(DATA EXTRACTS begins)

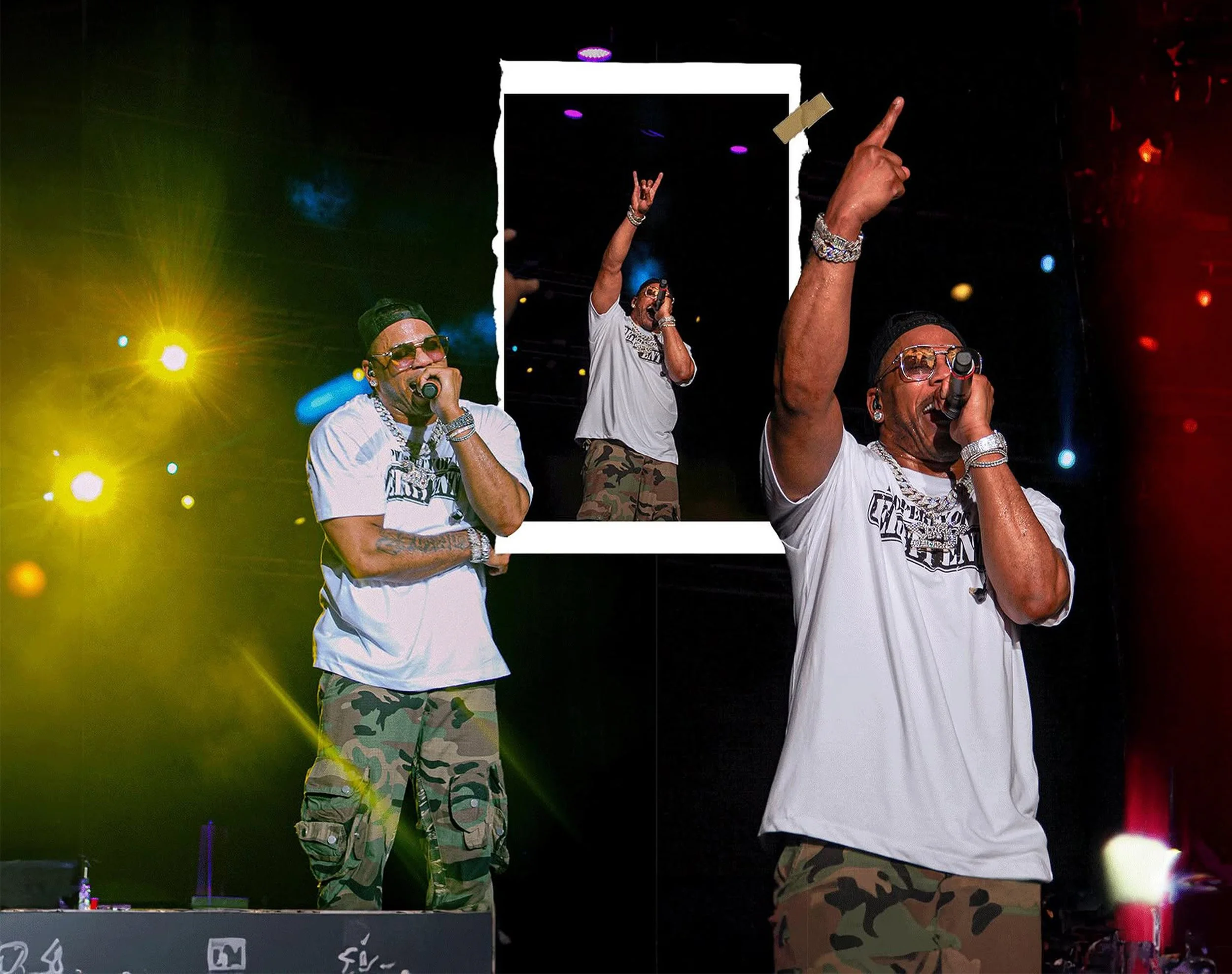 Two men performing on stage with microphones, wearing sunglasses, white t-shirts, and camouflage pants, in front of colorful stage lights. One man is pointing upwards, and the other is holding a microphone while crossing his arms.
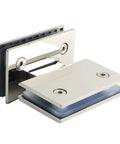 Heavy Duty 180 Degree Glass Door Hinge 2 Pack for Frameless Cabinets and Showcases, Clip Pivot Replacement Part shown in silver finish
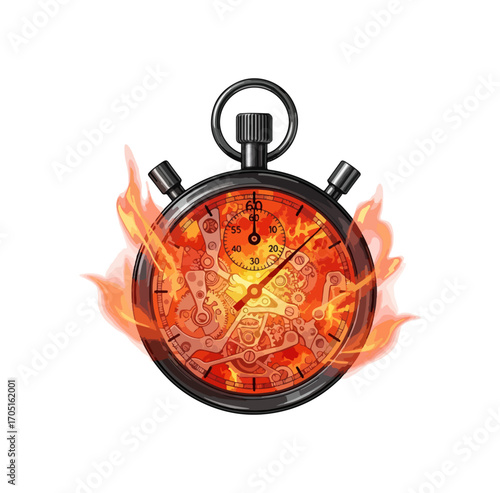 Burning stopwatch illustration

(DATA EXTRACTS ends)
(DATA EXTRACTS begins)

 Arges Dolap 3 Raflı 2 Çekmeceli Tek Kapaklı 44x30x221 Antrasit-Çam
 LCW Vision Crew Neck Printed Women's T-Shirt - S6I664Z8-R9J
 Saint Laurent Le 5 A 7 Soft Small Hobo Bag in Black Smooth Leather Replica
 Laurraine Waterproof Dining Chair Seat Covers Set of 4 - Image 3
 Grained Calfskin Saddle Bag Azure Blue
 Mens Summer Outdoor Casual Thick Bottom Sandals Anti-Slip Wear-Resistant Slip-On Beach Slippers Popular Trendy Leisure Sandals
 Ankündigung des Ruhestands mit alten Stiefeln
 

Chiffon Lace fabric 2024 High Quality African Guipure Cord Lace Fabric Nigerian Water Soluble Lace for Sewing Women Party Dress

(DATA EXTRACTS ends)
(DATA EXTRACTS begins)

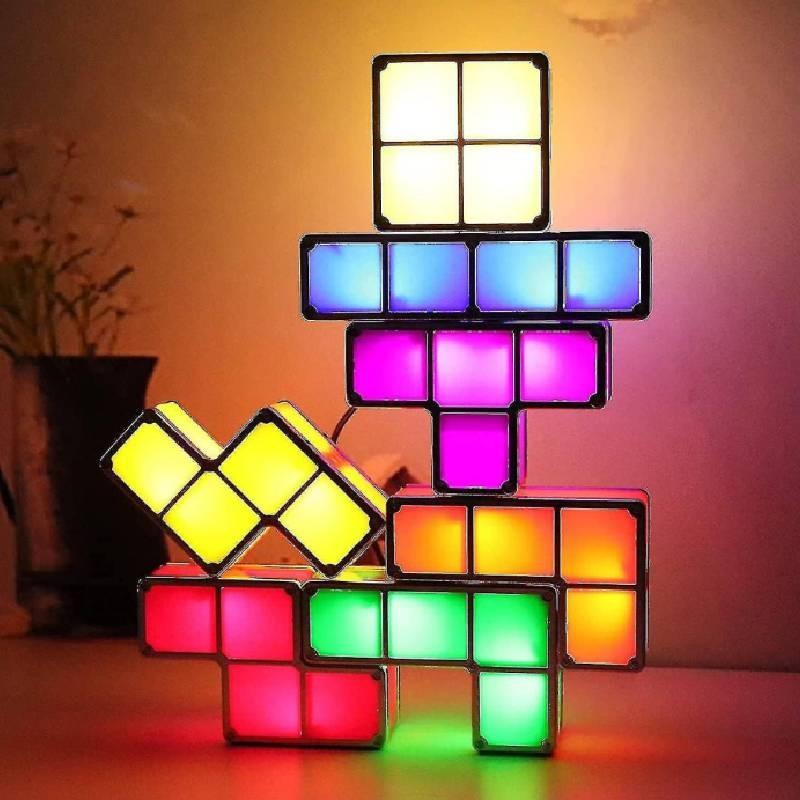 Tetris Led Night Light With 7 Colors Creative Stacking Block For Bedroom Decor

(DATA EXTRACTS ends)

### TO DO
Would you please copy, word for word, everything above from the line containing "Grained Calfskin Saddle Bag Azure Blue" down to the line containing "Chiffon Lace fabric", those two lines included?

### WRITTEN RESPONSE
 Grained Calfskin Saddle Bag Azure Blue
 Mens Summer Outdoor Casual Thick Bottom Sandals Anti-Slip Wear-Resistant Slip-On Beach Slippers Popular Trendy Leisure Sandals
 Ankündigung des Ruhestands mit alten Stiefeln
 

Chiffon Lace fabric 2024 High Quality African Guipure Cord Lace Fabric Nigerian Water Soluble Lace for Sewing Women Party Dress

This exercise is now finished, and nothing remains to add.